■ WORK ORDER
Pictures excluded, output the lines of the data below between the one holding "TOYOTA SIENNA XLE LIMITED 7 PASSENGER" and the one holding "KATALOG - Vespa", inclusive, exactly as they stand.

■ DATA FOR PROCESSING
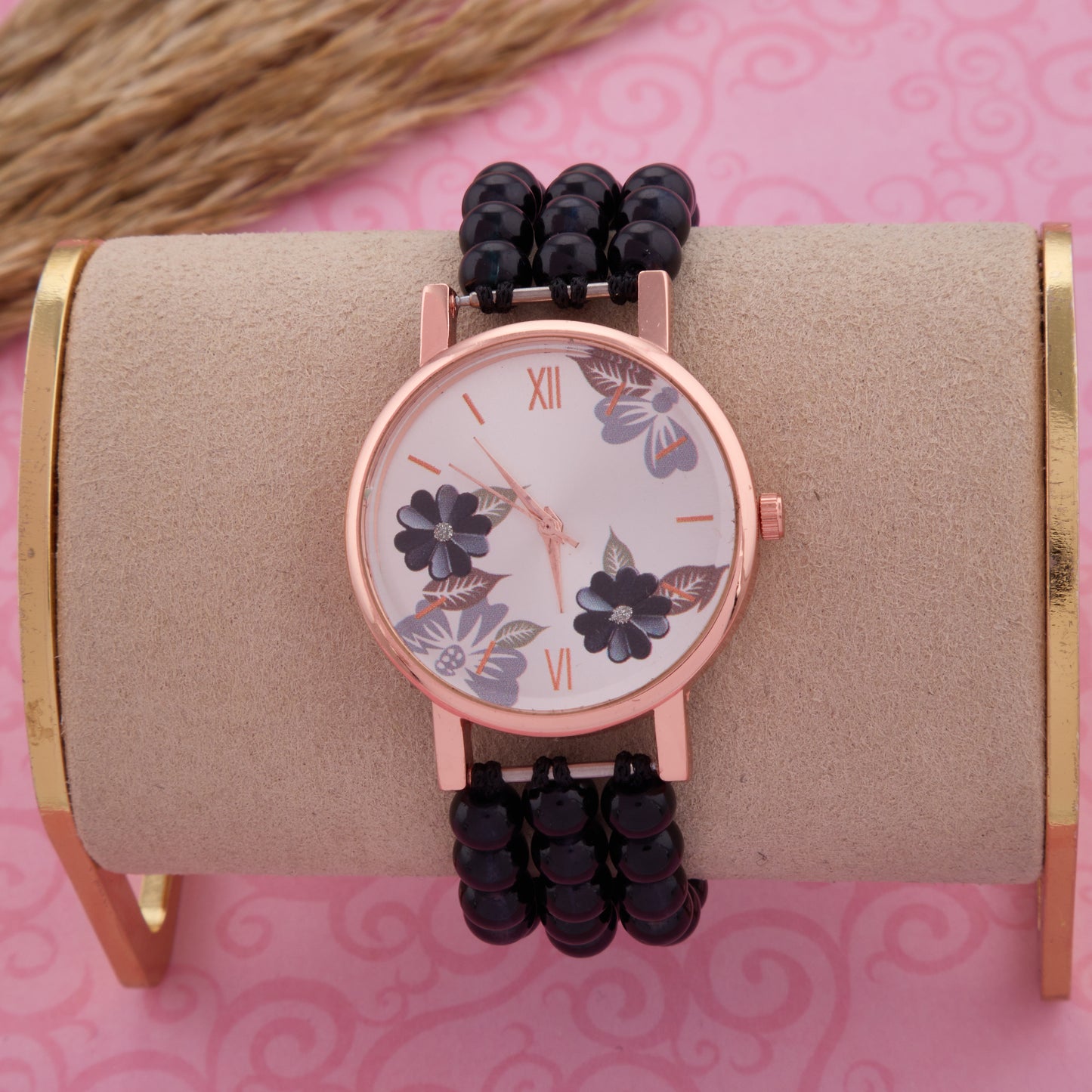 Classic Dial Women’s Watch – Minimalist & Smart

---

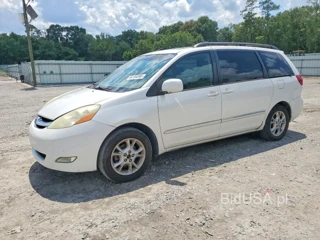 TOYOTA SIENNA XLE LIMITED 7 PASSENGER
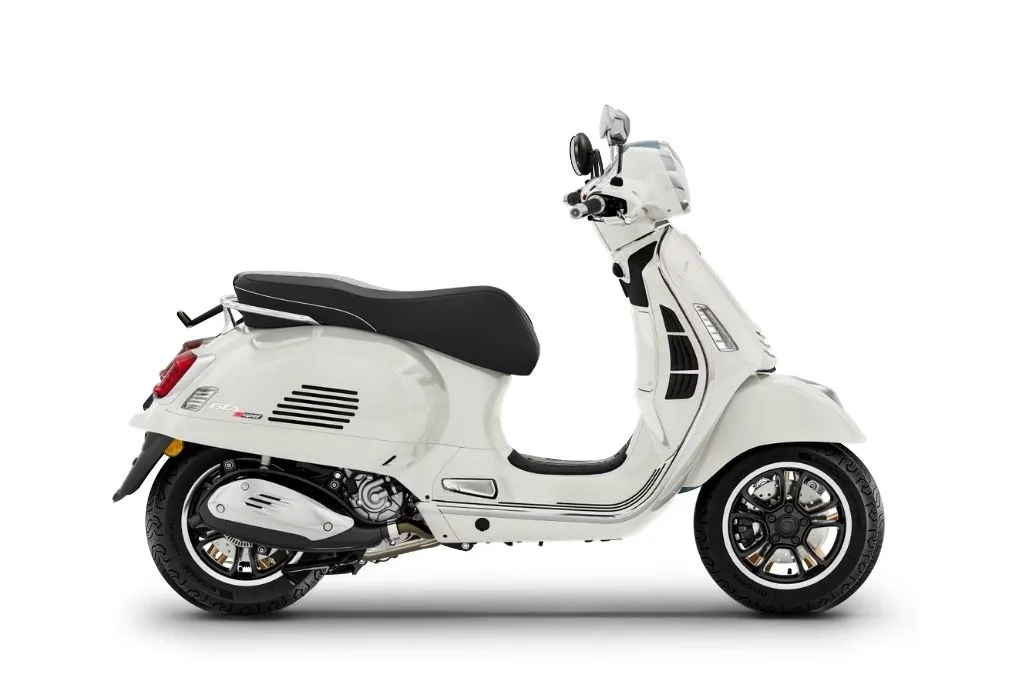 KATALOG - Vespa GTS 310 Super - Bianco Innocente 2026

■ ANSWER SECTION
 TOYOTA SIENNA XLE LIMITED 7 PASSENGER
 KATALOG - Vespa GTS 310 Super - Bianco Innocente 2026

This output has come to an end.